Harley Pasternak: 5 Keys to a Fit Pregnancy (Plus: Meet My Baby!)
Courtesy Harley Pasternak
Harley Pasternak is a celebrity trainer and nutrition expert who has worked with stars from Halle Berry and Lady Gaga to Robert Pattinson and Robert Downey Jr. He’s also a New York Times best-selling author, with titles including The Body Reset Diet and The 5-Factor Diet. Tweet him @harleypasternak.
Seventy-two hours ago, I became a dad to a healthy 8 lb., 13 oz. daughter named Liv (see her below!). My wife was incredible. The pregnancy was smooth, followed by a textbook natural delivery, and all the signs of a very speedy recovery.

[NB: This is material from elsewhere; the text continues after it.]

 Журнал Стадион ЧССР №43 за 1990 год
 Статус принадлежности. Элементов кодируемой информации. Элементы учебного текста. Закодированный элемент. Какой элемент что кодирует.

While so much about getting pregnant, being pregnant and delivering the baby is out of one’s control, it’s essential to optimize what is in a woman’s control to tip the health odds in her favor during pregnancy.
Here are the five keys that helped my wife (not to mention so many of my expectant clients over the years) have a healthy, happy pregnancy:
1. Keep moving (moderately) most of the day. Most pregnant women do significantly less physical activity while pregnant (and seeing as how the average American is already far too inactive, this is not good). Studies show active, fit pregnant women often have fewer complications during pregnancy and childbirth. Use an activity monitor (my wife used a FitBit) and try to hit 10,000 steps per day. But avoid extreme temperatures, stay hydrated and don’t move too fast.
2. Graze, don’t gorge. When you’re pregnant, you should be eating approximately 300 calories more per day (equivalent to 1/3 cup of almonds or an apple with 2 low-fat mozzarella sticks). Make sure to get your calories in small meals throughout the day; consuming five to six meals or snacks daily could help you avoid indigestion, acid reflux and nausea.
3. Make healthy food choices. Being pregnant doesn’t give allowance to indulge regularly in cookies, cakes and croissants. Make sure every meal has a lean protein (chicken, fish, eggs), fiber (vegetables, fruits with edible seeds or edible seeds, whole grains) and healthy fats (avocado, olive oil, almonds).
4. Stay strong. Not only can you strength train during pregnancy, but you should! Keeping muscles toned and strong throughout pregnancy can help reduce the chances of getting gestational diabetes, sore back and fatigue, and most of all, it will help your body bounce back much faster post-baby. But make sure you don’t overdo it. Avoid exercises that require lying on your back from four months on, exercise in a well-ventilated room, and again, stay hydrated.
5. Get good sleep. I know firsthand that pregnant women can have trouble getting comfortable while sleeping. As a result, they often don’t get enough quality sleep (nor do their spouses), which can make the next morning feel far more difficult than it needs to be. Some women swear by a pregnancy pillow, some (like my wife) prefer using multiple pillows to support their body throughout the night, and others can’t sleep without memory foam pillows or mattresses. Whatever works for you is fine, but try to go to bed earlier than usual throughout your pregnancy, if possible.
NOTE: Pregnant women, especially those with high-risk pregnancies, should discuss all dietary and exercise changes with their doctors.